Minnesota’s former 3rd District Congressman Jim Ramstad announced today that he will NOT jump into the governor’s race.
Presumably, his decision will come as a relief to both his fellow Republicans and DFLers. Ramstad, after all, was a moderate Republican who proved in his one-sided congressional district races that he had the ability to draw support from Republicans, DFLers and independents.
In a statement today, Ramstad did not say why he will not get into the race.
“I’m humbled by the tremendous outpouring of support from people across party lines but I have decided not to become a candidate,’’ Ramstad said. “Although I do plan to continue in public service, it won’t be as governor. I hope whoever is elected governor will bring people together and work in a bipartisan way to address the serious problems facing the state.”

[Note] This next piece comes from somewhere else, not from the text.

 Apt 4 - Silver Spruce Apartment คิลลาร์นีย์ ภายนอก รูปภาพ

The toughest task Ramstad would have faced in pursuing the governor’s office, may have come from within in his party. Had he chosen to run, he likely would have had a difficult time receiving the endorsement of Republican activists, who are far more conservative.

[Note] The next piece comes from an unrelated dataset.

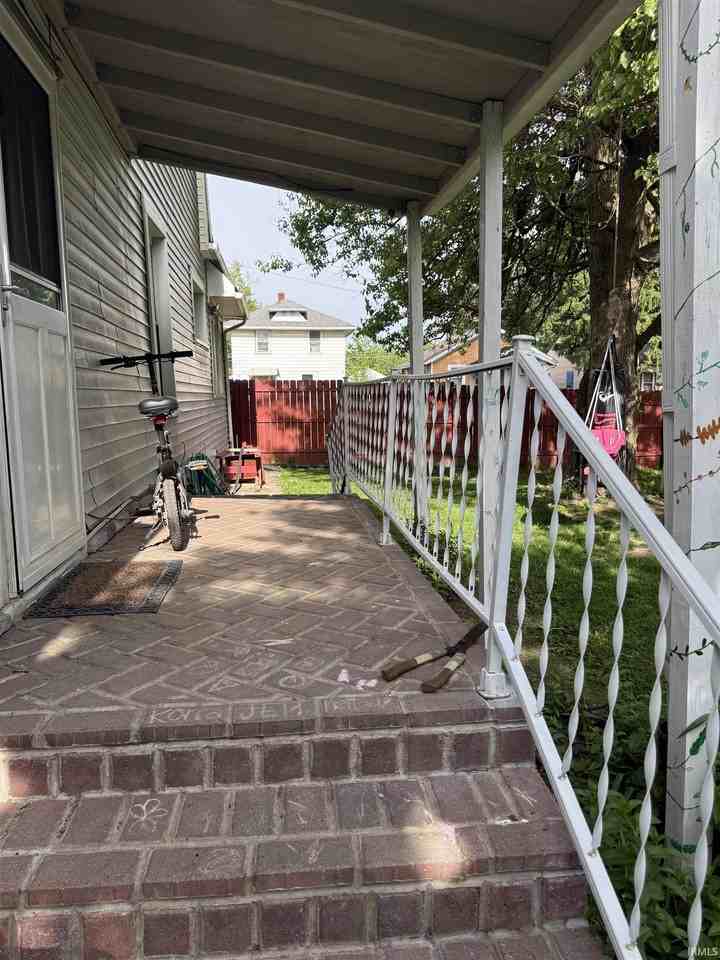4026 Lafayette St - Photo 2 of 24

Ramstad becomes the second highly regarded Republican to step back from getting into the race this month.
Earlier, state Rep. Laura Brod, of New Prague, announced that she had at least temporarily ended her exploration of running.
The big question that remains for now is whether former Sen. Norm Coleman, who tends toward the shrinking moderate portion of the party, will get into the race. Most observers say that Coleman need not rush his decision. Like Ramstad, he might have trouble winning party endorsement. He also now has been beaten twice in statewide races.
In these early stages, at least, the move so far bodes well for Rep. Marty Seifert, the 36-year-old former minority leader of the House.